Os exércitos privados usados em guerras ex-fronteiras (e, às vezes, também em guerras civis) são uma forma ideal de “desresponsabilizar” os Estados pelas barbaridades cometidas, muitas vezes em guerras claramente ilegais. Dessa maneira, os Estados, usando uma espécie de “outsourcing militar”, entregam “os trabalhos mais sujos” a milícias e mercenários, atraindo ao mesmo tempo dinheiros privados para essas criminosas atividades. As atrocidades “privadas” são sempre mais difíceis de identificar e de perseguir…
Essas milícias privadas, por vezes sem qualquer outra ideologia que não a do dinheiro, existem infelizmente em todas as guerras: é agora o Grupo Wagner dos russos; são as milícias fascistas da Ucrânia como o Regimento Azov; mas também as milícias utilizadas e pagas pelos norteamericanos quer no Afeganistão, no Iraque, na Síria, etc.; e não esqueçamos também as tristes histórias da famosa Legião Estrangeira na França ou dos sangrentos “Freikorps” na Alemanha!
Os exércitos privados são também sinal da industrialização das guerras e da sua crescente submissão a interesses privados…


La Jornada de México

As inusitadas revelações do presidente russo, Vladimir Putin, de que o Estado russo “assumiu integralmente os custos do Grupo Wagner”, que entre maio de 2022 e maio de 2023 recebeu cerca de um milhar de milhões de dólares do governo, juntamente com outros 800 milhões para fornecer alimentos ao exército, força-nos a dar uma nova perspectiva à insurreição liderada pelo dono do referido grupo mercenário, Yevgueni Prigozhin, no último fim de semana; Como será lembrado, o magnata retirou as suas tropas do território ucraniano, tomou a cidade russa de Rostov-on-Don e ordenou um avanço para Moscovo, que foi neutralizado por meio de uma negociação na qual interveio o presidente bielorrusso, Aleksandr Lukashenko.

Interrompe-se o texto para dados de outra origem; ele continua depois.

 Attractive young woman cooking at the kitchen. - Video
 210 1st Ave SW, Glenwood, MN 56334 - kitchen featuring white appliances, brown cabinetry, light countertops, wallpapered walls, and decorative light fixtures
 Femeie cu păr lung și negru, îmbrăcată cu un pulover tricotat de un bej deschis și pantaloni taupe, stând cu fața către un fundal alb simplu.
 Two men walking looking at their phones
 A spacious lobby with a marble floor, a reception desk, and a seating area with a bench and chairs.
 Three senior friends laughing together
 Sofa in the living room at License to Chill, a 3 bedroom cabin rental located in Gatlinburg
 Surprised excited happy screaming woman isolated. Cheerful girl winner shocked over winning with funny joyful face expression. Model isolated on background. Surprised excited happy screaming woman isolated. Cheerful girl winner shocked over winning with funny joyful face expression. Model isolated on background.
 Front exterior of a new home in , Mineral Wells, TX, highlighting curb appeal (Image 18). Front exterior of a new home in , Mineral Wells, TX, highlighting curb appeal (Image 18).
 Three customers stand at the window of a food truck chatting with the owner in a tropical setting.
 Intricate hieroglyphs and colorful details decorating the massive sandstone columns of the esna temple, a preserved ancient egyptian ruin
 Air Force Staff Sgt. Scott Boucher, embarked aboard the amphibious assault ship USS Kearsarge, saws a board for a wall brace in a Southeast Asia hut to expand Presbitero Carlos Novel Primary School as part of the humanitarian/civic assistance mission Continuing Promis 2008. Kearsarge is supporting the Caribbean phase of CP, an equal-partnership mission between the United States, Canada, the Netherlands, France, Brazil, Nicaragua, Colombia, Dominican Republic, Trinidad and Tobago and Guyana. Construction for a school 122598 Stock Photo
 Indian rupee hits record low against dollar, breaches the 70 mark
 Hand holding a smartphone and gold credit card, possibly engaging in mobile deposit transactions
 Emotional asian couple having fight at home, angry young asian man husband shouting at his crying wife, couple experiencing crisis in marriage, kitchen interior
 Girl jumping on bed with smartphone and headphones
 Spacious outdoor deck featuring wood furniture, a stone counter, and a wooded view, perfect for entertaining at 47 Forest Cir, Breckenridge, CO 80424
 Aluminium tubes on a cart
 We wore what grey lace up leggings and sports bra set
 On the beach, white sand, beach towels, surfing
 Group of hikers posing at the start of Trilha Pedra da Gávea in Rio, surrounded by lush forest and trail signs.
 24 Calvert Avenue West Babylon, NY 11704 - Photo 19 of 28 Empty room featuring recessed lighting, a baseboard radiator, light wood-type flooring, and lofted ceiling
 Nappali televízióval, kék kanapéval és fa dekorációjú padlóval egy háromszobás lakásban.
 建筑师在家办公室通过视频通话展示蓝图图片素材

A declaração é chocante, antes de tudo porque mostra a ambigüidade do próprio Putin em relação ao grupo de Wagner: se na sexta-feira passada, quando estourou a rebelião, ele ameaçou com “ações muito duras” contra aqueles que deram “uma facada nas costas” no seu governo “, ontem pelo contrário expressou o seu “respeito aos combatentes e comandantes daquele grupo porque demonstraram coragem e heroísmo”. Como é sabido, o presidente russo promoveu a meteórica carreira empresarial de Prigozhin desde o seu tempo como funcionário do gabinete do prefeito de Petersburgo e, como presidente, continuou a patrocinar os seus negócios, que iam de serviços de banquetes a serviços de segurança.

Por outro lado, o que foi dito ontem pelo homem forte do Kremlin expõe em toda a sua crueza a abdicação do governo russo em relação a um princípio básico dos Estados modernos: o monopólio da violência legítima. Certamente, este princípio tem sido progressivamente abalado pelos processos de privatização das funções públicas, que têm atingido os serviços de segurança e as forças armadas.

Como será lembrado, as empresas privadas desempenharam também um papel importante na invasão e ocupação do Iraque empreendida por George W. Bush a partir de Março de 2003, que acabou totalizando cerca de 182.000 soldados no teatro de operações. Outro exemplo paradigmático deste fenómeno é a proliferação de forças de segurança privadas, que têm vindo a adoptar das polícias públicas muitas tarefas críticas de segurança pública e interna, para não falar já da transferência de serviços de inteligência para empresas privadas.

O risco de violação do princípio do monopólio legítimo da violência por parte do Estado é por demais evidente: todas as empresas privadas estão orientadas, por definição, para privilegiarem os interesses privados, enquanto as instituições públicas têm como finalidade primordial assegurar a predominância dos interesses da coletividade. Sendo assim, a entrega de recursos militares a corporações comerciais acarreta o perigo implícito de que elas acabem por direcioná-los contra as próprias autoridades, como aconteceu com a breve revolta de Prigozhin e das suas tropas. Finalmente, o que o presidente russo disse constitui uma queixa contra as forças armadas do seu próprio país, pois revela a falta de confiança para com elas por parte do seu comandante supremo. Nesta altura, não poucos oficiais russos deverão estar a perguntar-se por que não se aplicaram nas forças armadas oficiais os muitos milhões de recursos que foram destinados a uma empresa de mercenários.